事實上,中歐班列之所以能順利開行,一個重要的制度支撐就是沿線國家和地區實行“資訊互通、執法互助和關檢互認”(簡稱“三互”大通關),部分起到了國際高標準經貿規則所倡導的減壁壘減補貼效果。
而且,隨著沿線國家和地區經濟交往的深入和公鐵聯運、海鐵聯運、空鐵聯運等多式聯運的探索和實踐,未來將在物流載具標準、各環節資訊互通等方面有新的突破和進展,系統解決多式聯運中的貨櫃托盤標準不統一、“一單制”編碼標準不統一問題。
特別是未來如能實現“一票到底”,同時進一步導入供應鏈金融,將資訊流、物流、訂單流和資金流進行整合,這個“票”就可以具備金融屬性,就可以像海運提單那樣成為相關增值服務的重要基礎。在這方面,我國一些地方如重慶、成都、西安、鄭州等地已在積極探索,未來有望助推中國在完善全球經貿規則方面作出自己的貢獻。

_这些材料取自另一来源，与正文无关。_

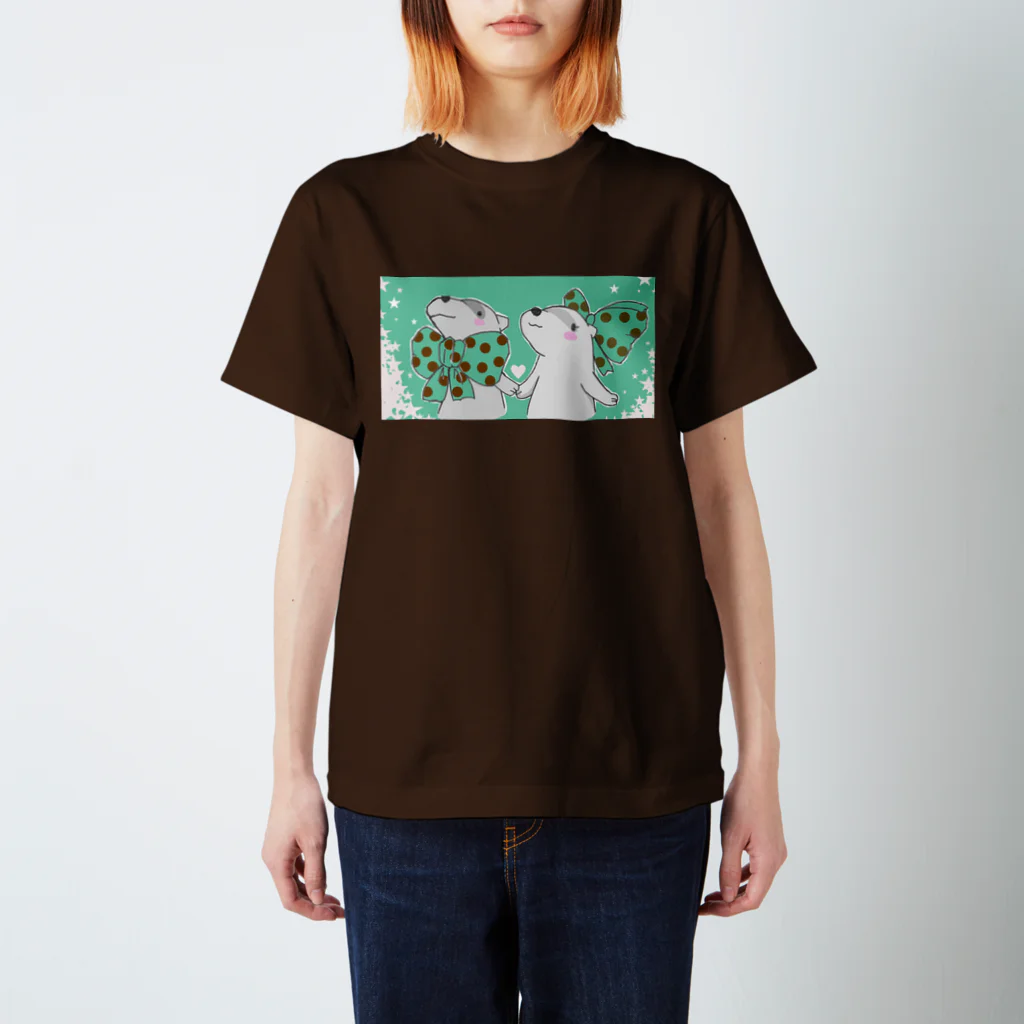 こうらえな(iceeye)のちょこみんと Regular Fit T-Shirt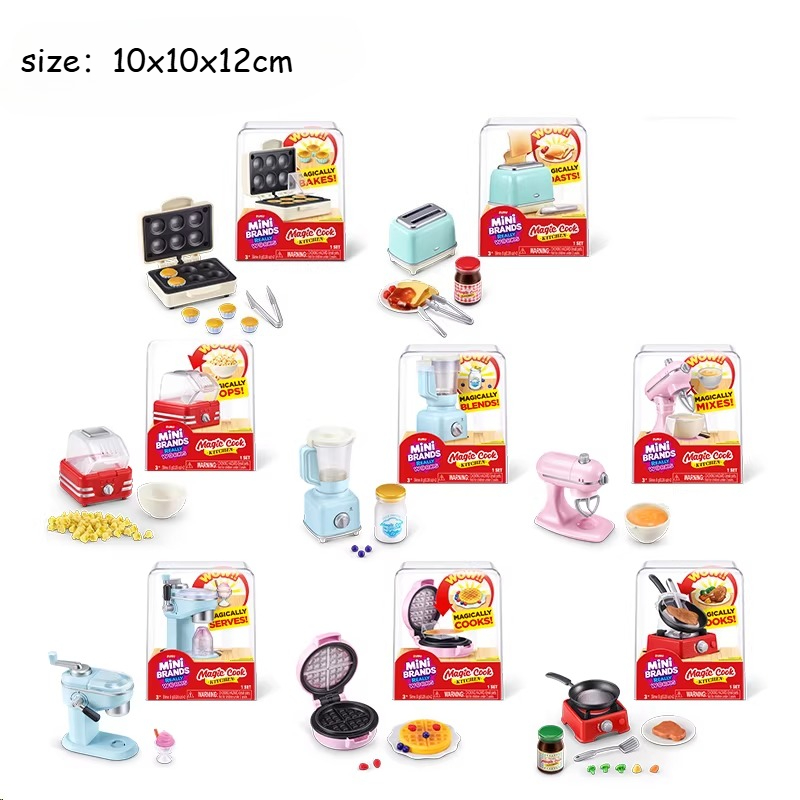 ZURU Mini Brands Serie Magic C - Model Kit Brand recensione e prezzo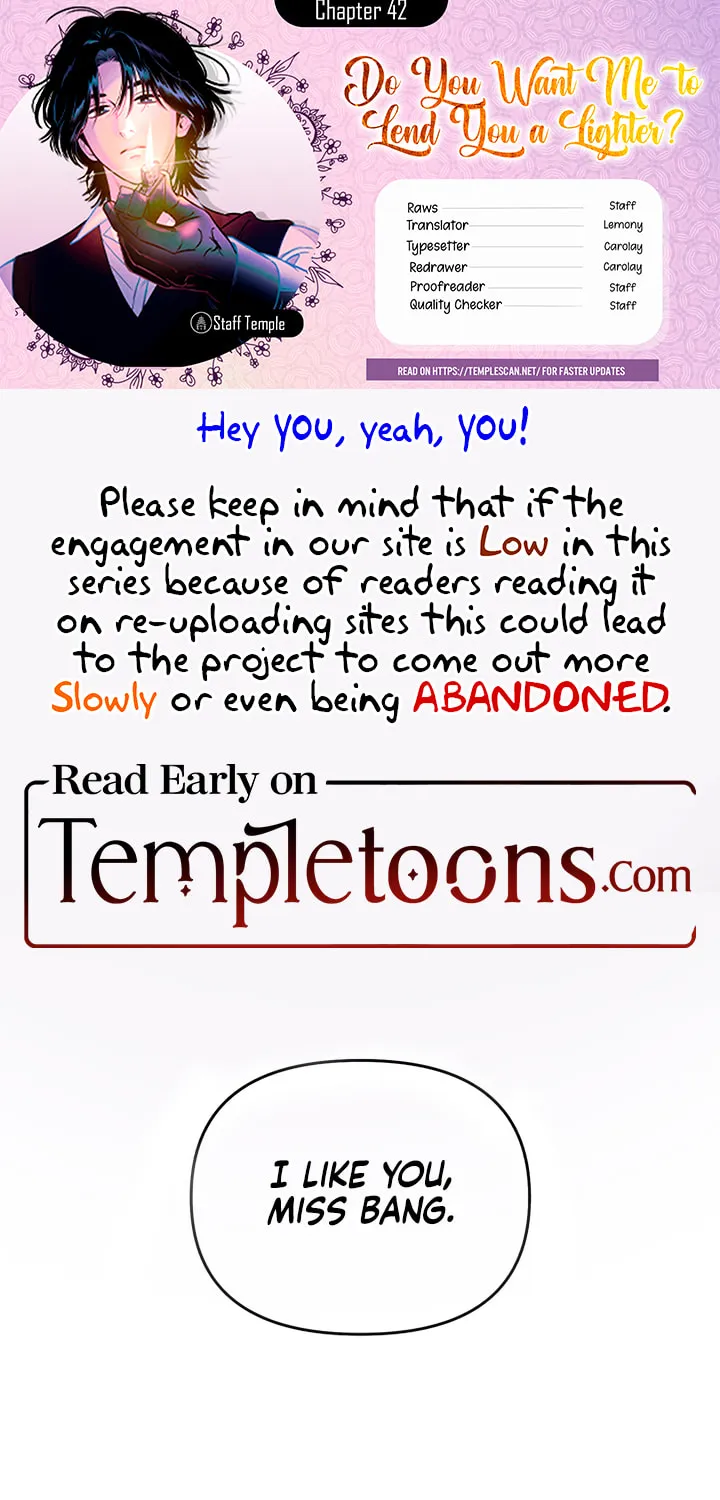 Can I Borrow the Fire? Chapter 42 page 1 -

更能適應各類貿易業態的創新發展。海洋運輸方式下貿易活動主要是以港口對港口的形式開展的,加工貿易、與海運有關的服務貿易主要發生在樞紐港,其他地方難以“雨露均沾”。而且海洋運輸中,貨物從工廠拉出來經過海運送到最終用戶一般需要經歷4~6次裝卸。貿易的收益在很大程度上要被這些頻繁的裝卸所抵消。而以中歐班列為代表的陸路運輸則是一條線的方式在開展貿易,沿線各站點之間都可以産生新的貿易流量。理想情況下貨物從工廠出來一般只需要2次裝卸,中間的分撥轉運可以通過車皮的組合來進行。如果説海洋運輸給主要港口帶來了樞紐經濟,那中歐班列既給鐵路樞紐城市帶來了樞紐經濟,也給沿線帶來了通道經濟,更能適應各類貿易業態和模式的創新發展。

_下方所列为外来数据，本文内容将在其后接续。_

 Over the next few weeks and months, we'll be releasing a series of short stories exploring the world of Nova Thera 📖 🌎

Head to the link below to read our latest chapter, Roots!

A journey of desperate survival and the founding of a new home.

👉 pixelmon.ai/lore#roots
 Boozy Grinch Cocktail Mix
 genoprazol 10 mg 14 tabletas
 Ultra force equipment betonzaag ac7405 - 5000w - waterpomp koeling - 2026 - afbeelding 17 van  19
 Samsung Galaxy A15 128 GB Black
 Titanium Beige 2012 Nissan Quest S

經過多年實踐,中歐班列目前向貨運市場提供四種類型的班列,分別是主要服務於大型出口企業的“定制班列”、常態化開行的“公共班列”、隨到隨走的“散發班列”以及服務於中小企業的“拼箱專列”。其中,“定制班列”服務於大型企業的進出口或加工貿易,“公共班列”服務於各類企業開展轉口分撥和加工貿易,“散發班列”“拼箱班列”則與跨境電商的小批量多頻次的特點相適應。對於在國內的企業而言,利用中歐班列開展國外站點間的貿易就是離岸貿易。而圍繞班列運作而産生的物流、金融、保險等業態則有可能成為服務貿易的重要組成部分。
隨著陸港城市的興起、貿易分銷模式的變革、運輸服務體系的豐富、陸路運輸規則的進一步完善以及各種貿易業態的疊加,中歐班列對沿線經濟的輻射帶動效應將越來越顯著,這背後隱藏的市場力量將以“潤物細無聲”的方式推動經貿格局深刻變革。
進一步放大樞紐經濟能級
2020年4月,國家發展改革委組織中西部和東北地區的21個省(區、市)申報了中歐班列集結中心示範工程項目,西安、重慶、成都、鄭州、烏魯木齊5個城市成為第一批國家中歐班列集結中心。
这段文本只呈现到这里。